Ex-Westminster public schoolboy will be strapped naked to a frame and caned 24 ...

The young man who appears on the TV monitor is speaking to us from inside Singapore’s notorious Changi jail.

He is sporting a prison regulation shaved haircut and a white T-shirt bearing his inmate number (L218032018) and name: Ye Ming Yuen.

Yuen is a convicted drug dealer.

Normally, the Mail would not travel half-way around the world to conduct an interview — via a special video link — with such an individual.

But his story is uniquely compelling and not without mitigating factors.

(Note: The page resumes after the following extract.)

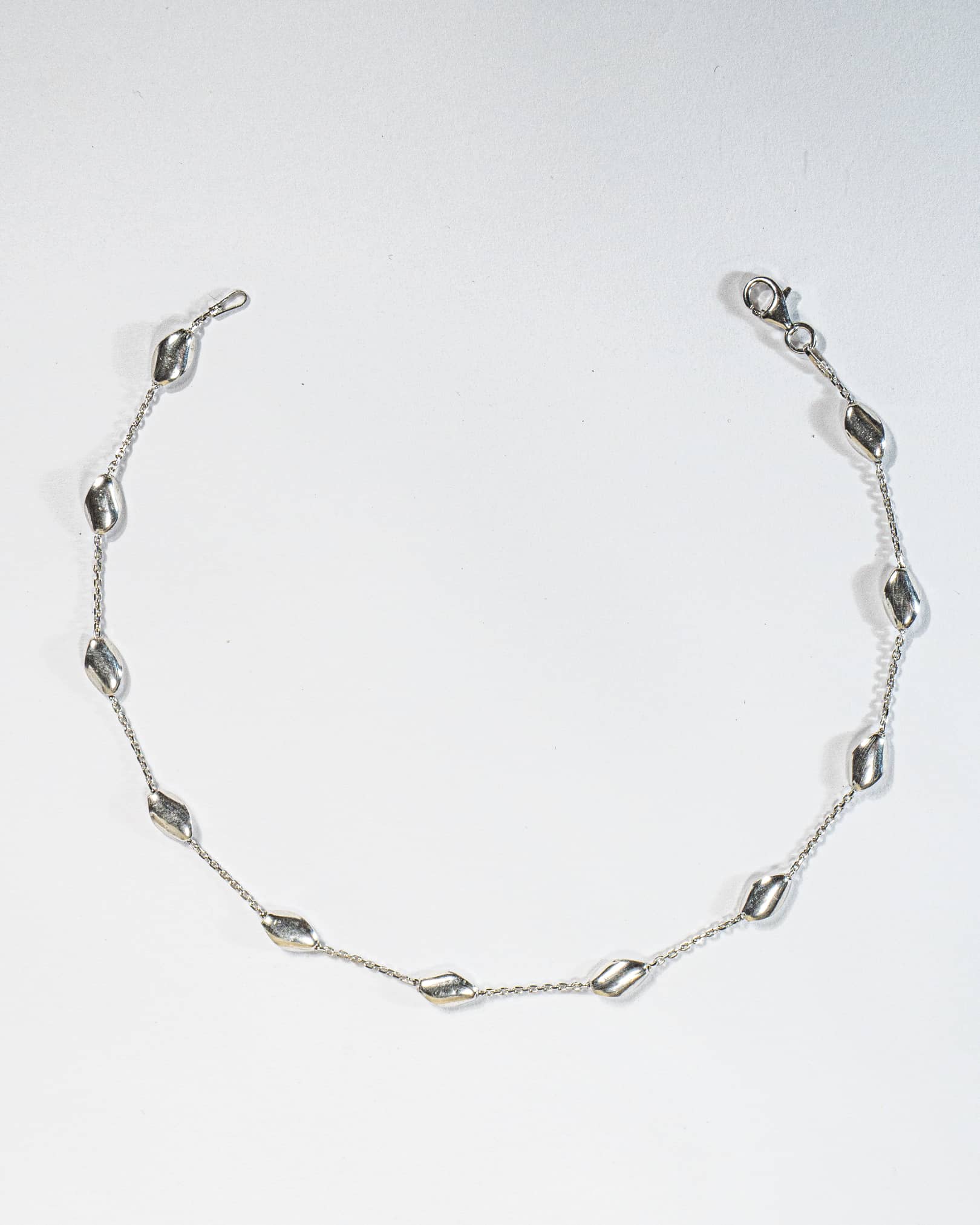 925 sterling silver minimalist anklet with spaced polished oval beads and lobster clasp.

London-born Ye Ming Yuen, 29, has also been ordered to serve 20 years in jail after being convicted of seven drug offences, including trafficking

London-born Ye Ming Yuen, 29, has also been ordered to serve 20 years in jail after being convicted of seven drug offences, including trafficking

Yuen, 29, was born and raised in London where his parents still live. He must also be the first former pupil of £37,000-a-year Westminster School to find himself locked up in top-security Changi.

He has been ordered to serve 20 years after being convicted of supplying cannabis and methamphetamines (‘crystal meth’ or ‘ice’) to his friends.

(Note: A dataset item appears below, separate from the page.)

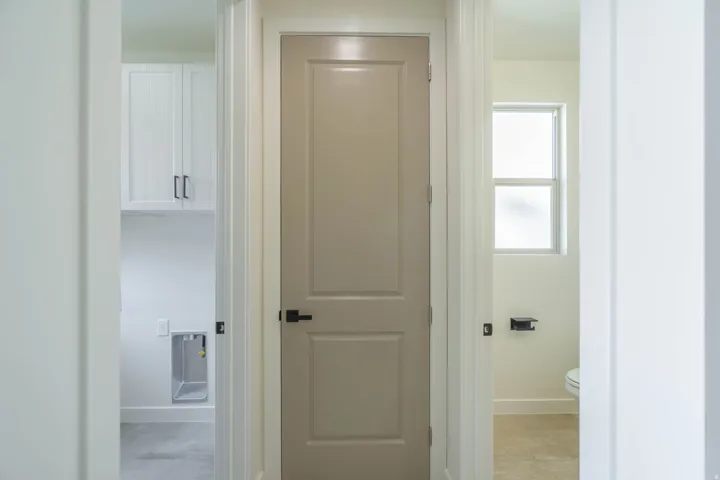 White shaker-style upper cabinetry with dark hardware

Yet, this is not why Yuen is at the centre of a diplomatic row between the UK and Singapore, which traditionally have close ties, or why he agreed to speak to us.

Any day, as part of his sentence, he will be escorted from his cell, taken to a ‘punishment room’ in the jail, stripped naked and strapped to a wooden trestle.

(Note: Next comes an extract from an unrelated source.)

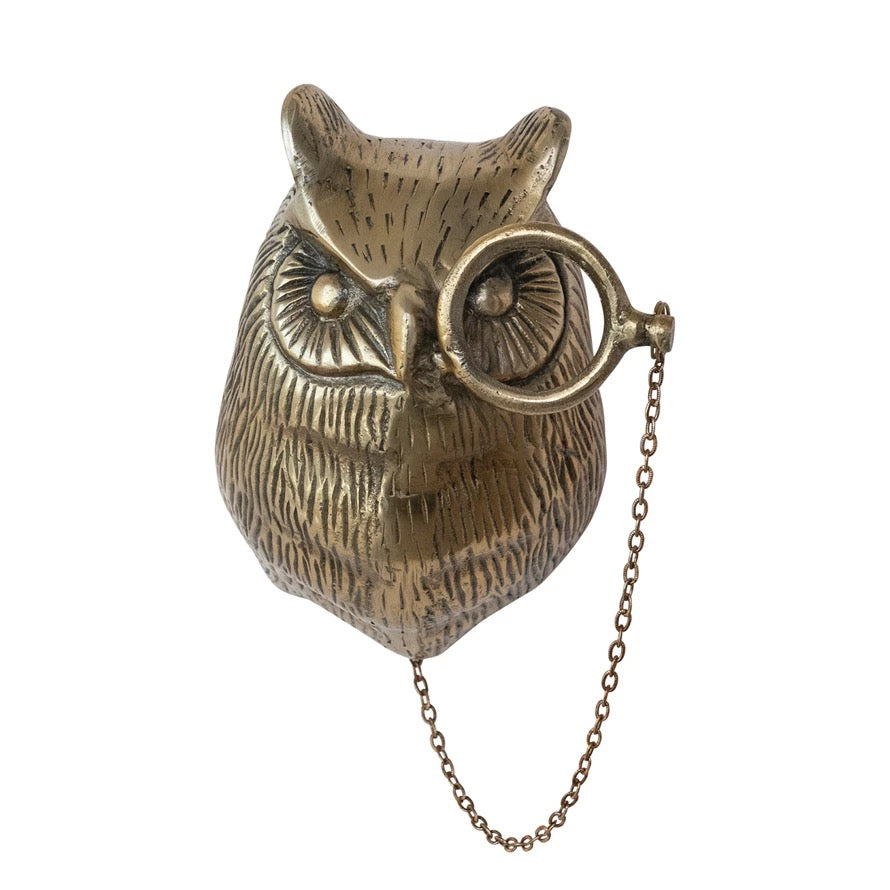 Bronze owl-shaped object with a chain on a white background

Two officers will then take it in turns to inflict maximum pain with a 4ft-long rattan cane, about half an inch in diameter, by flogging him 24 times across his bare buttocks, a fate also dished out to murderers and rapists.

Each stroke is called out by the warder: ‘One’ . . . ‘two . . . ‘three’ . . . after three strokes it is not uncommon for the prisoner to pass out.

Yuen's ‘judicial corporal punishment’ – which will be inflicted by a ‘trained caner’ taught how to cause the most pain possible. Pictured is a Changi prison officer using a dummy to demonstrate how inmates are caned

Yuen's ‘judicial corporal punishment’ – which will be inflicted by a ‘trained caner’ taught how to cause the most pain possible. Pictured is a Changi prison officer using a dummy to demonstrate how inmates are caned

Yuen will receive little warning of the caning, so he lives in a state of permanent anxiety; he has been prescribed sleeping pills and drugs to stabilise his mood.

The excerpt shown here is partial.